A thorough and wide-ranging presentation of information regarding how to get to heaven is on your TV screen tonight. It’s not led by Billy Graham or Rick Warren or the pope’s representatives. Nope, it’s Barbara Walters. That’s right, the newswoman and interviewer of the stars has become the High Priestess of the Question of Eternity, at least according to the build-up to tonight’s “Heaven” on ABC.
In my look at an advance copy, she seems to be fair, constrained by her journalistic neutrality. She says little of her own Jewishness, except to acknowledge that her family didn’t practice it much. Because of that fact, this may be one of the most neutral presentations of the different views about heaven that you’ll see. If you’d like information without evangelization, this is the show for you.
The show includes traditional religious views and their explanations as well as the near-death experiences described by individuals whose stories transcend religious description. Or you can have both, as in the case of a respected Baptist pastor who claims to have talked with his grandmother from beyond the grave. The Dalai Lama describes reincarnation (an alternative view that doesn’t involve heaven) while Cardinal McCarrick of Washington, D.C., articulates the Catholic Church’s position. You can also learn about Protestants and Muslims, who believe there’ll be sex in heaven.
Walters also interviews celebrities, such as Richard Gere, who are associated with this or that faith. Maria Shriver discusses how we ought to talk to our kids about heaven, and it’s interesting to hear her talk of a family that has certainly known death but not talked often about where their loved ones went after that.

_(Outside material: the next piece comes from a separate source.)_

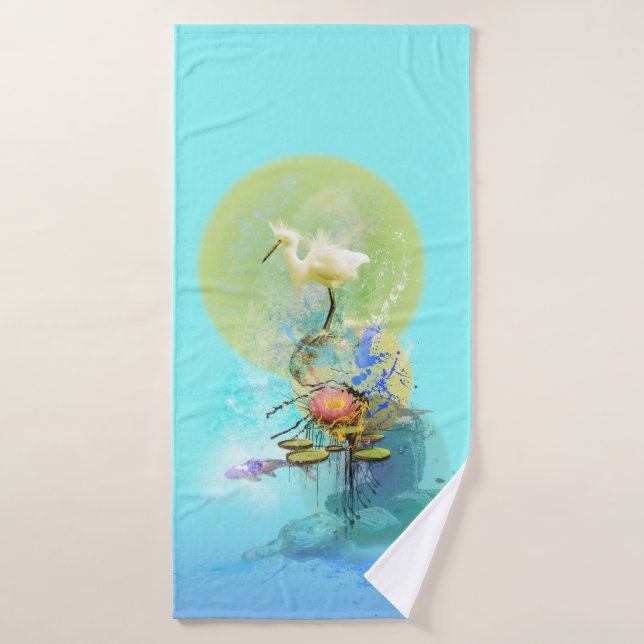 SNOWY EGRET SERENITY BADEHANDTUCH (Badehandtuch)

There’s also talk of “the other side,” including a failed suicide bomber who believes Barbara (and all of us!) will go to hell for not believing as he does. You may also be surprised at the realistic presentation of an evangelical worldview, which may be more realistic and easy to subscribe to than you’d think.
Barbara Walters told Beliefnet in an interview that her interest in heaven has increased because of doing this show. Even a media-saavy cynic must admit there may be some truth to that statement. For each of us, it stands to reason that if heaven–or anything–exists after we’re done here in this world, it’s pretty much in our best interest to learn what we can about that and what, if anything, we can do to prepare.